Two ISU students particpate in Land O’ Lakes Global Food Challange

Courtesy of Emerging Leaders

Olivia Reicks, senior in supply chain management, works with a Malawi child during her Land O’Lakes fellowship. 

Felipe Cabrera

This past summer, two ISU students had the opportunity to go on a globetrotting adventure with the Land O’Lakes fellowship called Emerging Leaders For Food Security.

“It was a great honor,” said Olivia Reicks, senior in supply chain management. “They rolled out the red carpet for us … It was a very well-planned program.”

Reicks and Trey Forsyth, junior in agricultural business, were two of 10 college students chosen from five universities for the Emerging Leaders For Food Security fellowship and to take on the Global Food Challenge, a program aimed at creating innovative new solutions to the problem of food security.

The fellowship, which included an internship that took place over the summer, challenged them to cultivate an original idea on how to impact food security in developing nations around the world.

“Food security is one of the most complex and crucial issues people of our generation will face,” Forsyth said.

Food security is about the amount of food in the world and the ability of people to access it. People are food secure when they have reliable access to food. The issue is timely because the world’s population will grow from 7.3 billion people to 9.6 billion in 2050, according to Land O’Lakes Inc., a farmer owned co-op company with a vested interest in food security.

Reicks’ and Forsyth’s fellowship with Land O’Lakes started last fall as they created and researched proposals. 

Reicks’ proposal involved helping farmers in Malawi reduce transportation costs to allow them to bring in more income. Additionally, she focused on how to transform Malawi’s food supply chain of pigeon peas to take on the format of the more successful tobacco industry in the country. Reicks also looked at how to build more secure storage.

“The answer to food security is not just food,” Reicks said. “It’s also societal factors [such as] not having market access and not having proper storage technology.”

Forsyth’s proposal was vastly different — his involved starting food processing co-ops and getting a grant to improve the registration process. Forsyth said co-ops are important because members can democratically vote on issues.

The next phase was an 11-week internship in which participants spent one week in Washington D.C. and two weeks in Malawi in Africa. During that time, they worked with people in engineering, agriculture, business, marketing and their own mentors to make their ideas a reality. 

One of the challenges Reicks and Forsyth had to overcome was the lack of classroom and college experience, said Carly Cummings, program coordinator for the economics department. She also served as Forsyth’s designated ISU mentor for the program.

“In every school assignment, you have a rubric and know exactly what you’re supposed to do to get there,” Reicks said. “Food security isn’t that way.”

Forsyth said a challenge he faced was bringing down the scope of his broad ideas to a narrower vision. Another challenge he noted was the issue of feasibly tying them into Land O’Lake’s business model.

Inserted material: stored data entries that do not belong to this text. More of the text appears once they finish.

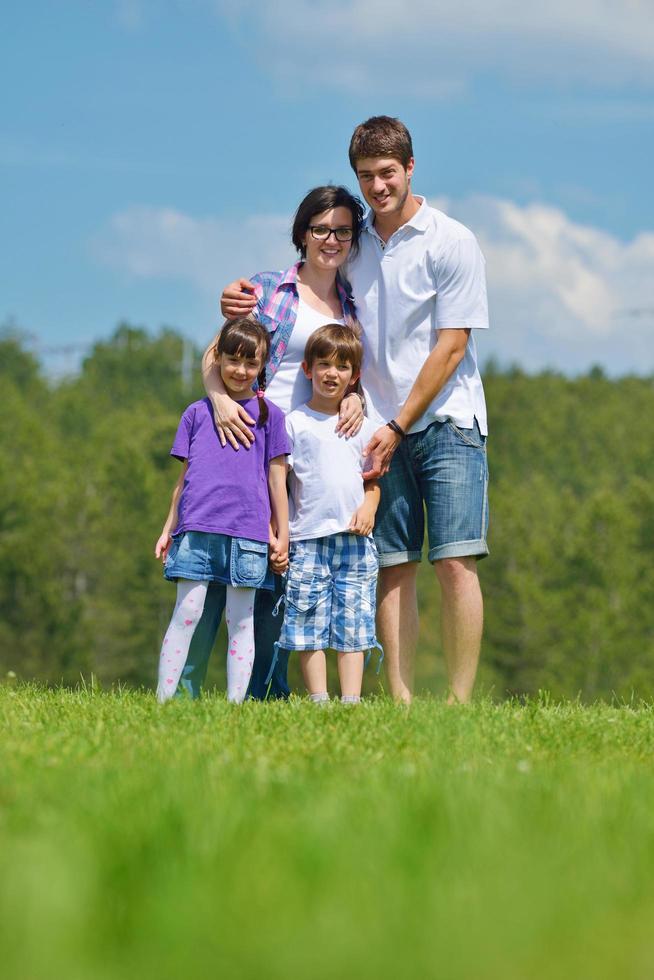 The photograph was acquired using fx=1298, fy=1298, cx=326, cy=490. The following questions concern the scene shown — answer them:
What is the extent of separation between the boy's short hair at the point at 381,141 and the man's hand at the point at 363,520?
1.77m

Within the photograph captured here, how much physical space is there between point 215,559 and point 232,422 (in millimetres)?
724

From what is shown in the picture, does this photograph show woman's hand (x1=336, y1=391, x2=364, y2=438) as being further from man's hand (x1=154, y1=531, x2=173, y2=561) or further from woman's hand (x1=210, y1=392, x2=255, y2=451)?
man's hand (x1=154, y1=531, x2=173, y2=561)

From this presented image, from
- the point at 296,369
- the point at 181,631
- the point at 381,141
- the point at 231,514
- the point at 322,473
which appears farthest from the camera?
the point at 296,369

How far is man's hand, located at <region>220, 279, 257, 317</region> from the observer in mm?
6871

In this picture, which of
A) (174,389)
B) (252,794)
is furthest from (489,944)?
(174,389)

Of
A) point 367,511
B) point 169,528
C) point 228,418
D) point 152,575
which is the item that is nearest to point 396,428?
point 367,511

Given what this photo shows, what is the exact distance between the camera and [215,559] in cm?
680

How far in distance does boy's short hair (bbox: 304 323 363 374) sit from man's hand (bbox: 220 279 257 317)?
1.23 ft

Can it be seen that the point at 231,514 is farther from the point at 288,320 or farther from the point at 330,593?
the point at 288,320

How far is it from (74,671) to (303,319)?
175 ft

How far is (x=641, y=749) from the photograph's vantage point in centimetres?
511

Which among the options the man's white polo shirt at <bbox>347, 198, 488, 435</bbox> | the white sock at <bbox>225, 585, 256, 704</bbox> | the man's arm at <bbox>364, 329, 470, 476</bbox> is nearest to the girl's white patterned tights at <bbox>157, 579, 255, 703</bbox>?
the white sock at <bbox>225, 585, 256, 704</bbox>

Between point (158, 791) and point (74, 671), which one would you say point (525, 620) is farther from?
point (158, 791)

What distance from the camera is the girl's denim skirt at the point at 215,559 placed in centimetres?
677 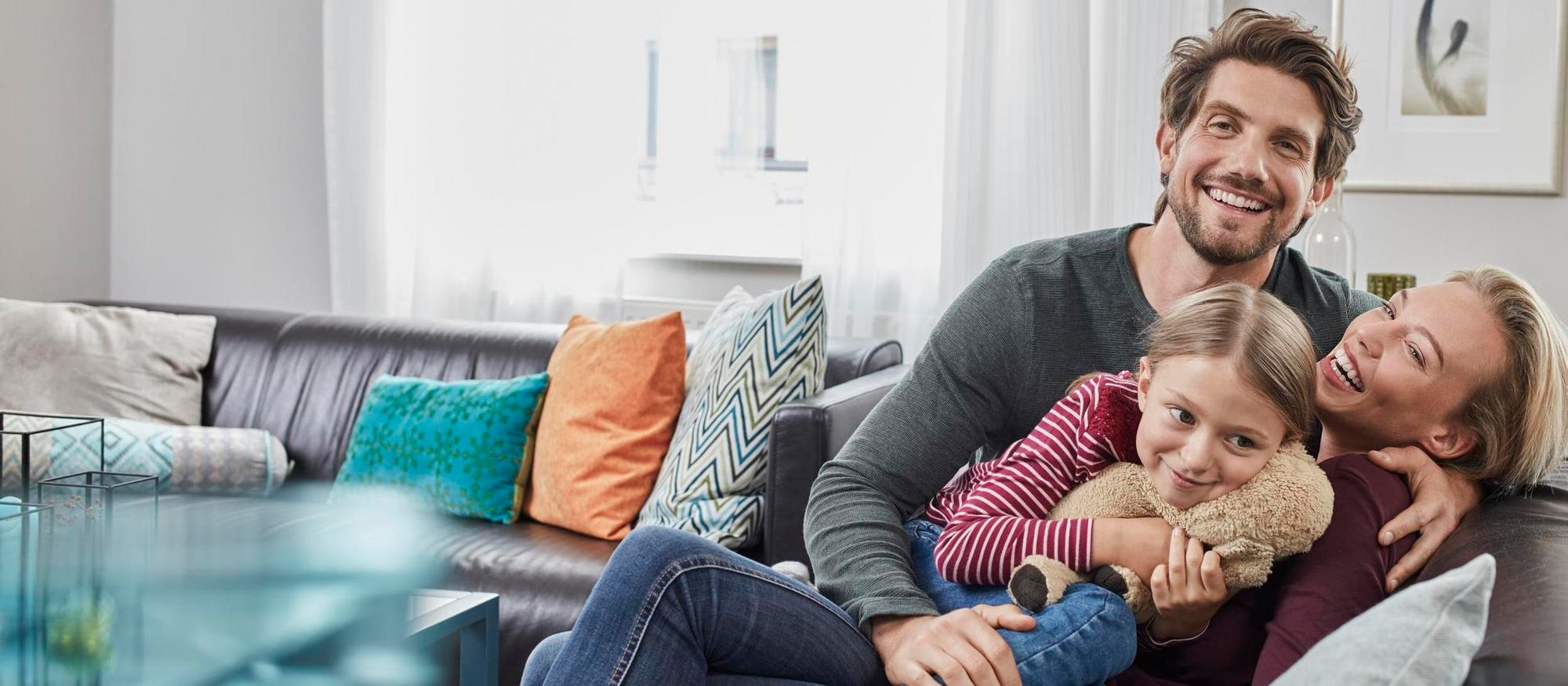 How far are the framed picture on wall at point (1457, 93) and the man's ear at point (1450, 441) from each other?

“It’s not just saying, ‘Here’s what you can do,’ but laying out the plan of how you can do it was probably the biggest challenge that we faced,” Forsyth said.

Forsyth said despite the challenges he faced he learned how to adapt to new issues, which helped him develop and improve his critical thinking skills.

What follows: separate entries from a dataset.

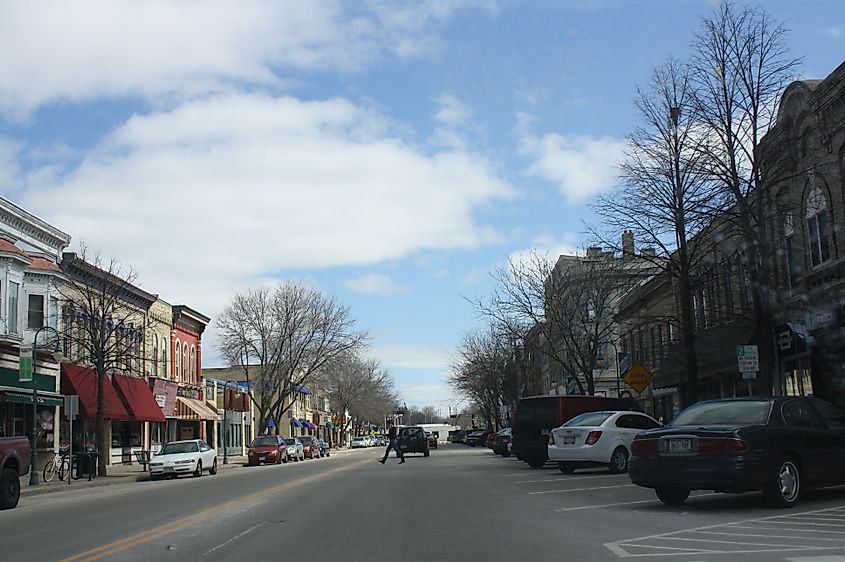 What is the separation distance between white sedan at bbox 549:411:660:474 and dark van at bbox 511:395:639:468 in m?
3.59

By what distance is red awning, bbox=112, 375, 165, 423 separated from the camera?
41719 millimetres

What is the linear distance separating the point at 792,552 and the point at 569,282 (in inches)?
1269

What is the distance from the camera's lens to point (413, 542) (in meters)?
10.9

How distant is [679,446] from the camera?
42.7 ft

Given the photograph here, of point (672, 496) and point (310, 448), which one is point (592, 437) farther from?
point (310, 448)

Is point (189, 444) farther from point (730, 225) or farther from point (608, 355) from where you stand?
point (608, 355)

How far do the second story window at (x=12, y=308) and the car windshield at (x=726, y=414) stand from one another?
26009 millimetres

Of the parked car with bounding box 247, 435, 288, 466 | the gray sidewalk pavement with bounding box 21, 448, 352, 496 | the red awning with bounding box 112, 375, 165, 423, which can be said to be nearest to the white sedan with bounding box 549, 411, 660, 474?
the gray sidewalk pavement with bounding box 21, 448, 352, 496

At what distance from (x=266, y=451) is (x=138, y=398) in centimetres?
744

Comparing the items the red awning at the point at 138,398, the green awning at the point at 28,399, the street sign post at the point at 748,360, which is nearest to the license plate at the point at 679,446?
the street sign post at the point at 748,360

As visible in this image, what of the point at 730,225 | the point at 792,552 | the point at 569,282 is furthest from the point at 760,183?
the point at 569,282

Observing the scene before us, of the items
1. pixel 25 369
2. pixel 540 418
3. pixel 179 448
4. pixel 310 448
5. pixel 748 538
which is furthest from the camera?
pixel 310 448

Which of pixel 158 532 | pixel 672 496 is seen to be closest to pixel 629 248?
pixel 672 496

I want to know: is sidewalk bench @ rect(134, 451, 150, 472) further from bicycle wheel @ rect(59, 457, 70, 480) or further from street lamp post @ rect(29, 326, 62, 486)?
street lamp post @ rect(29, 326, 62, 486) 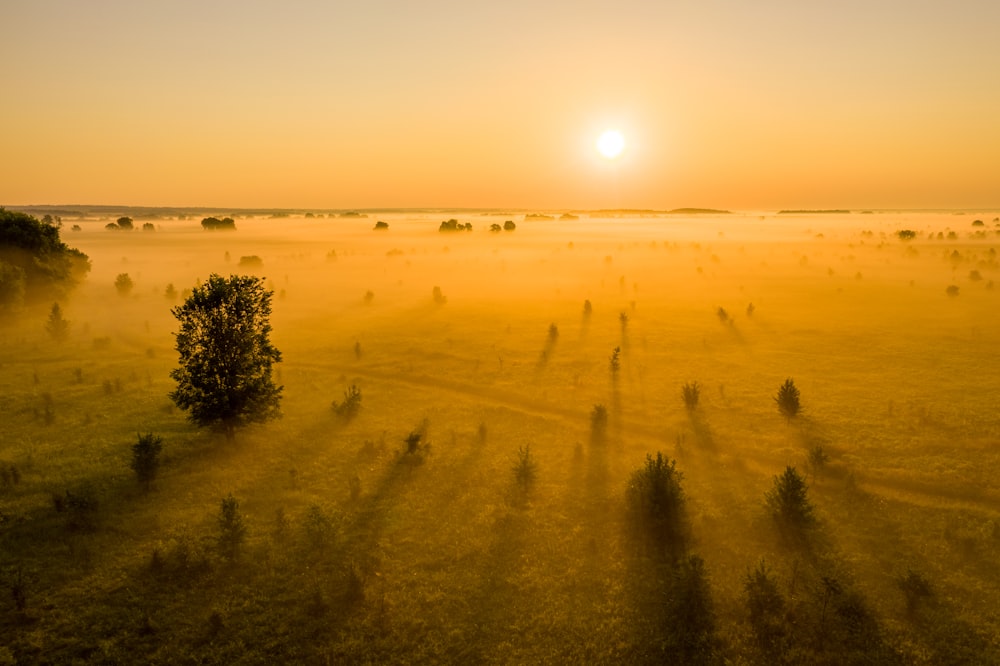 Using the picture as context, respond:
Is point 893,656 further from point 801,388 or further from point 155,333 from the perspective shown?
point 155,333

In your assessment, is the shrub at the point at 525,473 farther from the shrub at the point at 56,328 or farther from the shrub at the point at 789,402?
the shrub at the point at 56,328

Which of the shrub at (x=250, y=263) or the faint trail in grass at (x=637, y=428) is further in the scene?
the shrub at (x=250, y=263)

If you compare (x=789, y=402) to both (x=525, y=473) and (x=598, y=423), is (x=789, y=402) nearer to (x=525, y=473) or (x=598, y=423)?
(x=598, y=423)

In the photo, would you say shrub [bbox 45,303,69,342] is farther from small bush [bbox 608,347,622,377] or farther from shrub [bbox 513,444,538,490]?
small bush [bbox 608,347,622,377]

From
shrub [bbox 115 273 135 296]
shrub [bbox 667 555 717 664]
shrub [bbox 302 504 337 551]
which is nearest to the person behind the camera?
shrub [bbox 667 555 717 664]

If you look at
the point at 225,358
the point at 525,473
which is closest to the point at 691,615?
the point at 525,473

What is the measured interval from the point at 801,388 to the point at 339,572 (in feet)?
71.3

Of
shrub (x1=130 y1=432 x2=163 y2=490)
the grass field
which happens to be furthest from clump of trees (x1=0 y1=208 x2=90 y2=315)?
shrub (x1=130 y1=432 x2=163 y2=490)

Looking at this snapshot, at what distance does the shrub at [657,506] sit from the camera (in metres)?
14.0

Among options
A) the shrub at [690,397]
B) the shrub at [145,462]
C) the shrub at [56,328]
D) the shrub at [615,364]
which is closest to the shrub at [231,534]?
the shrub at [145,462]

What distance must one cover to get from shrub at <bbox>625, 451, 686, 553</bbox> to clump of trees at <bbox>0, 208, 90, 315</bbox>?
47.9 m

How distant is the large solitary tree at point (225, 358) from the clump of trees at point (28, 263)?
31.8 metres

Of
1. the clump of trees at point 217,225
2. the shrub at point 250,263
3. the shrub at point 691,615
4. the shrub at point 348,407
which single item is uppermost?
the clump of trees at point 217,225

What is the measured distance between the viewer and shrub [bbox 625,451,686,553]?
14031mm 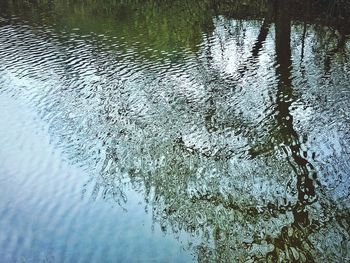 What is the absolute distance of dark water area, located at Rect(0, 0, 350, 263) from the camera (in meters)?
7.91

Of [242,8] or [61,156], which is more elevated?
[242,8]

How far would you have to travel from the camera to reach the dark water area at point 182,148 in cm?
791

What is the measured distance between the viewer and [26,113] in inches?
541

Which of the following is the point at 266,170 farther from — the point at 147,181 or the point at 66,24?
the point at 66,24

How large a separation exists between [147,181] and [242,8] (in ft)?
52.9

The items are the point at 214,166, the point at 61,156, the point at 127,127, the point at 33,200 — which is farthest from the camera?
the point at 127,127

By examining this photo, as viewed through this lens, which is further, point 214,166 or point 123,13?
point 123,13

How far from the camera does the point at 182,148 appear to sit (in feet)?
35.6

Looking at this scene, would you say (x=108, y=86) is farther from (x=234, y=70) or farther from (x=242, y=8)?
(x=242, y=8)

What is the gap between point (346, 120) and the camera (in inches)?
444

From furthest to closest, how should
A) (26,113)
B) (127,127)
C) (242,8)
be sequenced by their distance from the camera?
(242,8) < (26,113) < (127,127)

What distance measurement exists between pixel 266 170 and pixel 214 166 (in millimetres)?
1120

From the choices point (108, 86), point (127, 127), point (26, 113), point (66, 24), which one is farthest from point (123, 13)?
point (127, 127)

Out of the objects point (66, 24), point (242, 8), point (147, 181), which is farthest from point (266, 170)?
point (66, 24) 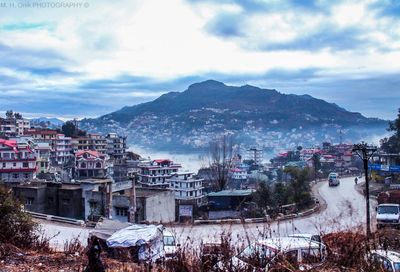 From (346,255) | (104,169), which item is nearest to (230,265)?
(346,255)

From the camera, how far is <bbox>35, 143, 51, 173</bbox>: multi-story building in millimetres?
47728

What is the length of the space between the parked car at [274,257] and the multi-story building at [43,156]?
4628 cm

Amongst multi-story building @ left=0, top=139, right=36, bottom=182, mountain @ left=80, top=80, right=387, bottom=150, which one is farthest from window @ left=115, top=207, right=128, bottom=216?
mountain @ left=80, top=80, right=387, bottom=150

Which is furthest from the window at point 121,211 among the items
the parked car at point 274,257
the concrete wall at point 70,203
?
the parked car at point 274,257

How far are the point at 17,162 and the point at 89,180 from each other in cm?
1761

Reicks and Forsyth grew immensely in their critical thinking and communication skills, Cummings said.

“Feeding the world is not the silver bullet that some people may think,” Cummings said. “By the end of the summer, they were able to dig deep and find smaller projects that will make a large economic effect on the world.”

Applications for the next Land O’Lake’s Emerging Leaders For Food Security are open through Sept. 25.